▶ [Available data]

--- START ---

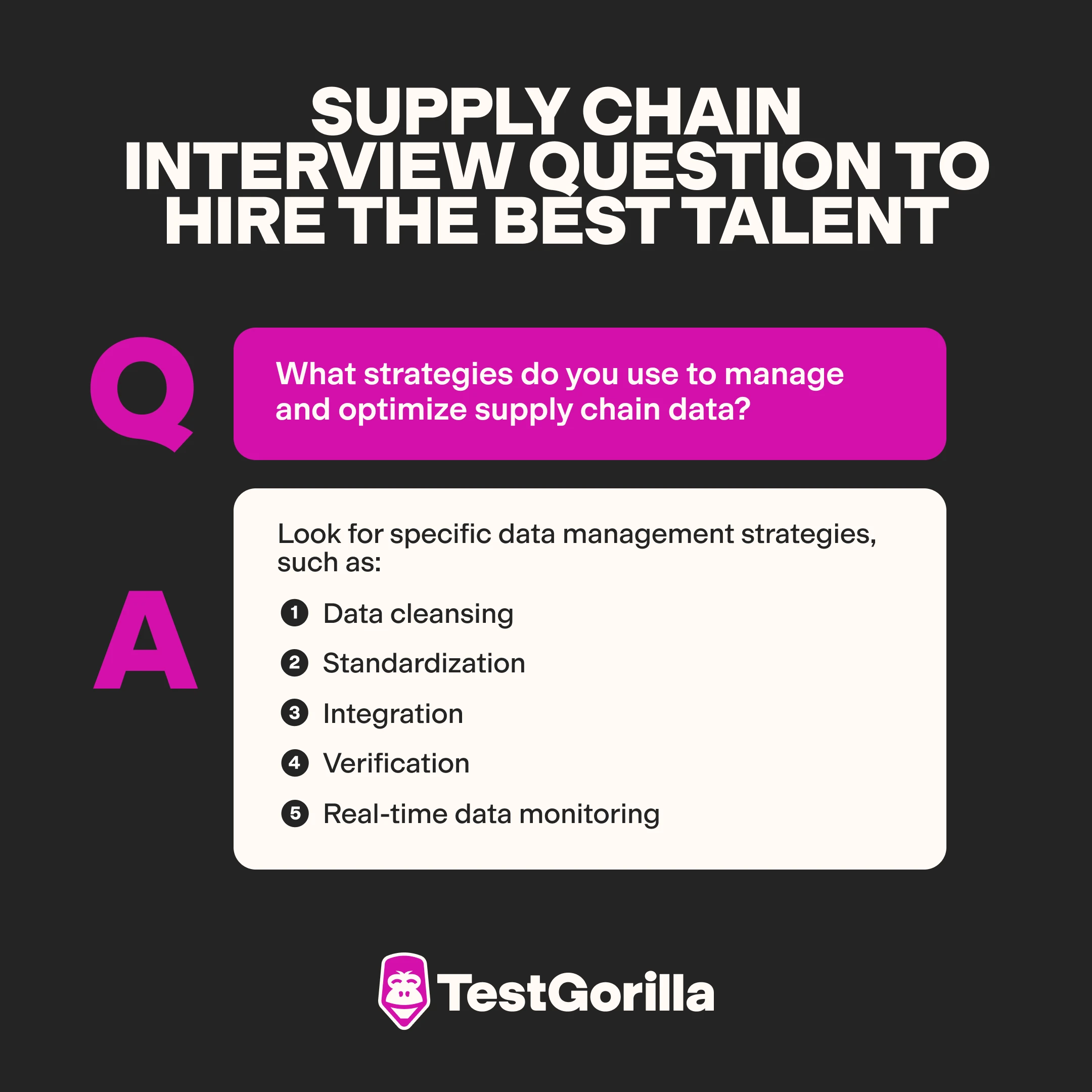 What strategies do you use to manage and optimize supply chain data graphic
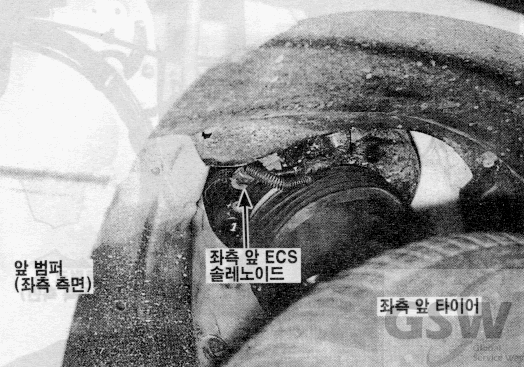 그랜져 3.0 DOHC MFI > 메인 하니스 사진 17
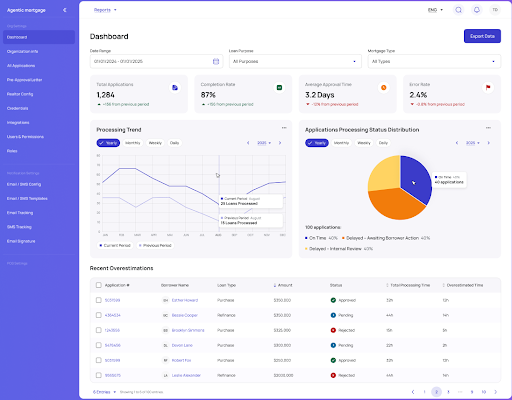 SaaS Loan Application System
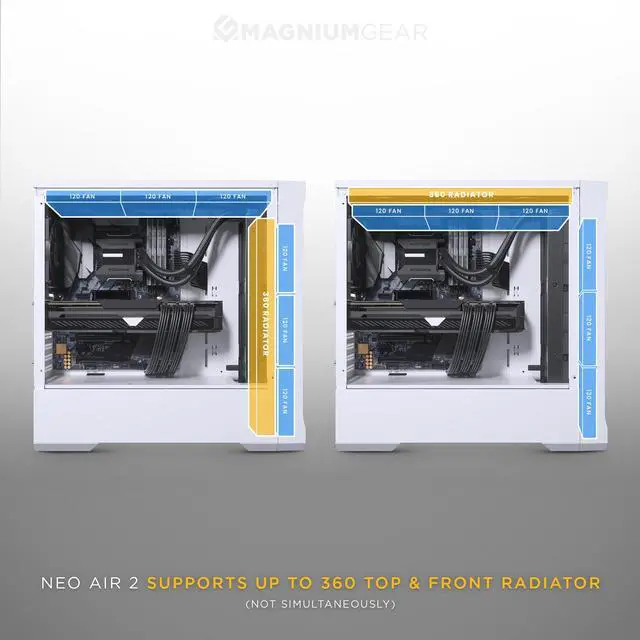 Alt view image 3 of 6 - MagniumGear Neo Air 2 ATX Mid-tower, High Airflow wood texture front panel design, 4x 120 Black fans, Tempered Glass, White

--- END ---

▶ [What is required] An exact copy of every line above, minus the pictures, is the required output.

▶ [Answer space]
 What strategies do you use to manage and optimize supply chain data graphic
 그랜져 3.0 DOHC MFI > 메인 하니스 사진 17
 SaaS Loan Application System
 Alt view image 3 of 6 - MagniumGear Neo Air 2 ATX Mid-tower, High Airflow wood texture front panel design, 4x 120 Black fans, Tempered Glass, White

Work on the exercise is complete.